Nobody is arguing that gay people should not exist and nobody is arguing, despite how several people have presented it, that gay people should have their rights rolled back. The sole issue at question is whether LGBT+ issues should be taught in school or should be left to parents to decide the best way to teach it at home. In fact, the point at issue is even more refined; it centres less on whether this should be taught in school at all and more on whether it should be taught to those as young as five.

The man who asked the question on Question Time clearly thought that teaching about LGBT+ people should exist, but perhaps age 11 would be a more appropriate time. I suspect if you asked a lot of people that same question in respect to the whole area of sex and relationship education – regardless of its specific focus – you would get a fairly similar response. So I’m not even sure this is unique to LGBT+ issues at any rate.

Ironically, those affronted at the thought of this debate even happening, landed on other groups and insisted we wouldn’t have this discussion if it were about them. But that is demonstrably untrue. We have had very public debates about the value of teaching Black History in schools, for example. The National Secular Society (and a few others, I hasten to add) have specifically argued – and contributed to a public debate – on the question of whether schools should teach Religious Education or not. There have been moves in the past to remove all teaching about religion in schools and replace it with PSHE and Citizenship lessons. It is a common enough question in the teaching of history as to whether what we teach in schools centres too much on WWII and the holocaust. The fact is, we have these debates all the time.

This is the nub of the issue. It isn’t where you happen to fall on any of these issues. It certainly isn’t whether you sympathise with the parents protesting outside Parkfield Community School or whether you line up with the Assistant Head at the centre of the row. The issue is that this is another example of something we are being told is not up for discussion. The elites in parliament and the media insist that there are words and discussions that shouldn’t even be on the table. I find that a thoroughly dangerous position.

This is precisely the issue we have faced locally in Oldham. As we discussed on our recent podcast, the constituency in which I live has been one in which BNP councillors were elected. For years, people were told that their concerns were illegitimate and could not be voiced. As frustrations grew and the belief that the elites simply did not listen increased, the BNP exploited the situation. They listened to people’s concerns and offered to do something about them, focusing the blame of their scapegoat of choice. Whilst those who controlled the narrative insisted such things could not be discussed, the BNP quietly and effectively listened and were voted into office. Prohibition on certain views and ideas never eradicates them but merely allows those who wish to spread them to do so effectively without any push back because discussion has been stymied.

Whatever your view on the question of LGBT+ teaching in primary schools, it cannot be right that we simply insist the question cannot be discussed at all.

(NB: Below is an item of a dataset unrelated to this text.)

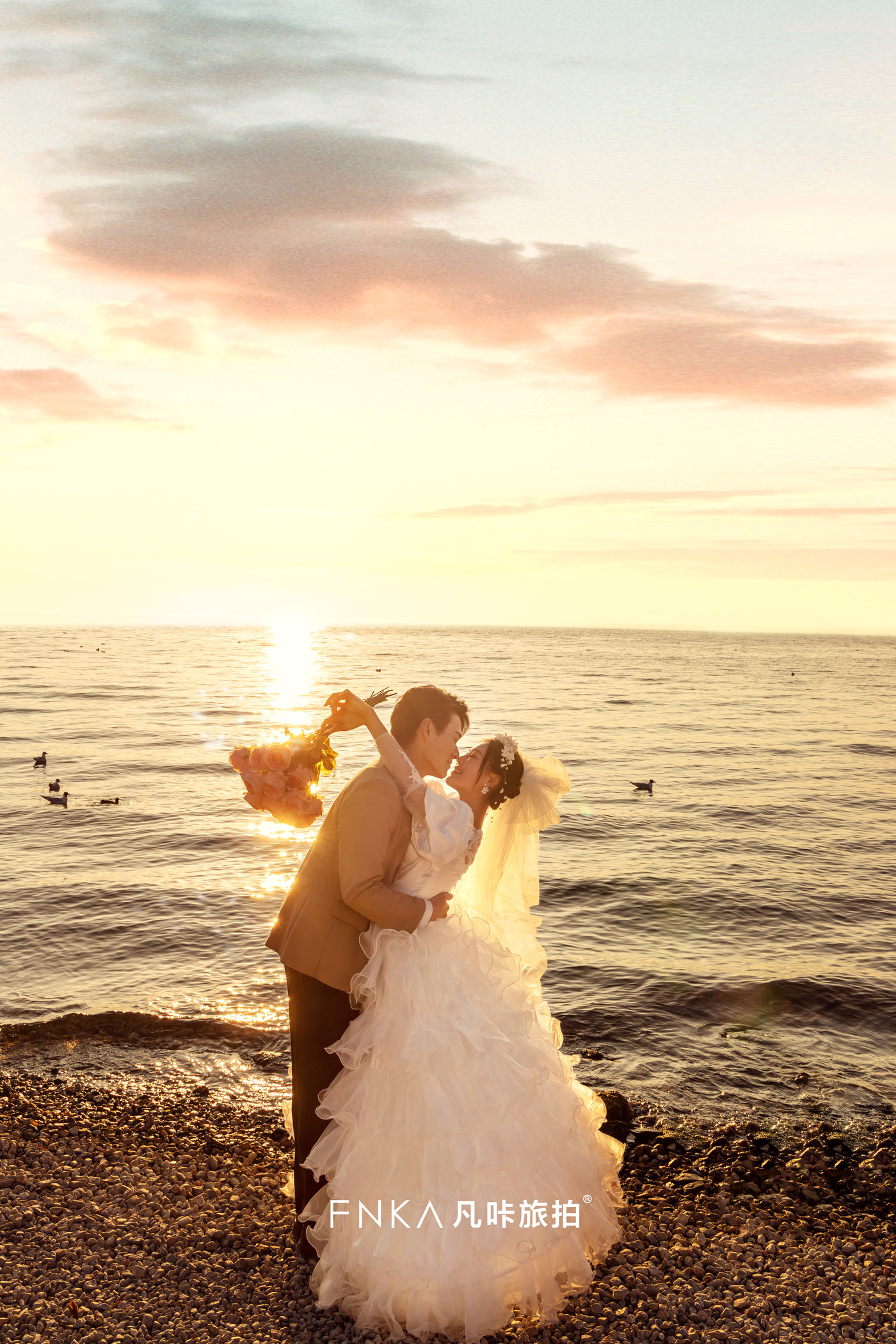 客片-夕阳洱海婚纱照6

If your concern is equal rights, that must extend to the right of others to question your assumptions, no matter how strongly you feel about it or disgusted you are with their opinion. If your concern is making children reach acceptable conclusions about what is or is not morally right, leaving aside the questions of whether schools should be doing that, in the long-term this approach doesn’t work. If your concern is helping children think through issues they may one day encounter, prohibiting debate is an odd way to go about it.

Perhaps most obviously of all, if you are resting on the right to stymie debate because you don’t like the question being asked, what confidence can you possibly have that one day – should public opinion or the elites who control the discussion be against your view – you will not even be allowed to ask the question? It bears asking, what are we actually teaching our children by insisting that certain things are beyond discussion?